**ASSIGNED TASK**. The task calls for each record to be given again exactly.

**ENTRIES SUPPLIED**.
******
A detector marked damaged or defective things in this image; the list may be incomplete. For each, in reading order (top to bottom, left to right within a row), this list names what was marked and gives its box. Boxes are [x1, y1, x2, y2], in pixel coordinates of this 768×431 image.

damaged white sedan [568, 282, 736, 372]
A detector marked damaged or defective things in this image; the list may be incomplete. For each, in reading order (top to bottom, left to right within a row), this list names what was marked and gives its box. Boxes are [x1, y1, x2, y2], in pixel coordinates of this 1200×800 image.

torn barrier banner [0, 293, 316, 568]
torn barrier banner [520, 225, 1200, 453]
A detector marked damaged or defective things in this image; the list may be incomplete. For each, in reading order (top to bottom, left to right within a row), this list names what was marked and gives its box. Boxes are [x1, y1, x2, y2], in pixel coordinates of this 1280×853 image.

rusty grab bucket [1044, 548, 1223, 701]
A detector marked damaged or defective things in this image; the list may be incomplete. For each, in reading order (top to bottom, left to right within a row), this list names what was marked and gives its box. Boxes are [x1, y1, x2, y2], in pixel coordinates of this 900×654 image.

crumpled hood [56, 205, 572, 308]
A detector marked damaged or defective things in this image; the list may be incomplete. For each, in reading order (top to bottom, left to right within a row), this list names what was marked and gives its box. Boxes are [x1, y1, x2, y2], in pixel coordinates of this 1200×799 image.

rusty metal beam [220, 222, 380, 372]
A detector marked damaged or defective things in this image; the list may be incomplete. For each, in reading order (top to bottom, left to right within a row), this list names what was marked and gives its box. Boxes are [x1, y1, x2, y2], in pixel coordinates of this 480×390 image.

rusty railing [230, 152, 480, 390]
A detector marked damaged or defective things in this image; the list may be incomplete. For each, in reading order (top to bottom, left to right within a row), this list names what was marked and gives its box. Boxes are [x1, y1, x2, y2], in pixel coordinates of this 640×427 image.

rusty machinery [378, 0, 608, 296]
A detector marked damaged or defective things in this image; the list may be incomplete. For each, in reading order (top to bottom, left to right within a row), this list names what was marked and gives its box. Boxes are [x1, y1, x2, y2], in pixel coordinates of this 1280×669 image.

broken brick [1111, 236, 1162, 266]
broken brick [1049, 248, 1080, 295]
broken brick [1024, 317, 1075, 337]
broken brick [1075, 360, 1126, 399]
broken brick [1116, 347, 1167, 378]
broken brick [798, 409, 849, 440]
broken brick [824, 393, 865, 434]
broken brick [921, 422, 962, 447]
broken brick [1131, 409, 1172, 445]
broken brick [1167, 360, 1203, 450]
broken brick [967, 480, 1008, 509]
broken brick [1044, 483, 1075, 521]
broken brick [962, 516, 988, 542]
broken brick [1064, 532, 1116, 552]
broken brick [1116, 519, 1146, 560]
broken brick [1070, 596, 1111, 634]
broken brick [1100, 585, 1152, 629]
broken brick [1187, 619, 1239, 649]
******
**EXPECTED ANSWER**.
A detector marked damaged or defective things in this image; the list may be incomplete. For each, in reading order (top to bottom, left to right within a row), this list names what was marked and gives its box. Boxes are [x1, y1, x2, y2], in pixel coordinates of this 768×431 image.

damaged white sedan [568, 282, 736, 372]
A detector marked damaged or defective things in this image; the list may be incomplete. For each, in reading order (top to bottom, left to right within a row), this list names what was marked and gives its box. Boxes are [x1, y1, x2, y2], in pixel coordinates of this 1200×800 image.

torn barrier banner [0, 293, 316, 568]
torn barrier banner [520, 225, 1200, 453]
A detector marked damaged or defective things in this image; the list may be incomplete. For each, in reading order (top to bottom, left to right within a row), this list names what was marked and gives its box. Boxes are [x1, y1, x2, y2], in pixel coordinates of this 1280×853 image.

rusty grab bucket [1044, 548, 1223, 701]
A detector marked damaged or defective things in this image; the list may be incomplete. For each, in reading order (top to bottom, left to right within a row), this list names what was marked and gives its box. Boxes are [x1, y1, x2, y2], in pixel coordinates of this 900×654 image.

crumpled hood [56, 205, 572, 308]
A detector marked damaged or defective things in this image; the list may be incomplete. For each, in reading order (top to bottom, left to right within a row), this list names what was marked and gives its box. Boxes are [x1, y1, x2, y2], in pixel coordinates of this 1200×799 image.

rusty metal beam [220, 222, 380, 372]
A detector marked damaged or defective things in this image; the list may be incomplete. For each, in reading order (top to bottom, left to right within a row), this list names what was marked and gives its box. Boxes are [x1, y1, x2, y2], in pixel coordinates of this 480×390 image.

rusty railing [230, 152, 480, 390]
A detector marked damaged or defective things in this image; the list may be incomplete. For each, in reading order (top to bottom, left to right within a row), this list names what was marked and gives its box. Boxes are [x1, y1, x2, y2], in pixel coordinates of this 640×427 image.

rusty machinery [378, 0, 608, 296]
A detector marked damaged or defective things in this image; the list may be incomplete. For each, in reading order (top to bottom, left to right within a row), this list names what was marked and gives its box. Boxes are [x1, y1, x2, y2], in pixel coordinates of this 1280×669 image.

broken brick [1111, 236, 1162, 266]
broken brick [1049, 248, 1080, 295]
broken brick [1024, 317, 1075, 337]
broken brick [1075, 360, 1126, 399]
broken brick [1116, 347, 1167, 378]
broken brick [798, 409, 849, 440]
broken brick [824, 393, 865, 434]
broken brick [921, 422, 962, 447]
broken brick [1131, 409, 1172, 445]
broken brick [1167, 360, 1203, 450]
broken brick [967, 480, 1008, 509]
broken brick [1044, 483, 1075, 521]
broken brick [962, 516, 988, 542]
broken brick [1064, 532, 1116, 552]
broken brick [1116, 519, 1146, 560]
broken brick [1070, 596, 1111, 634]
broken brick [1100, 585, 1152, 629]
broken brick [1187, 619, 1239, 649]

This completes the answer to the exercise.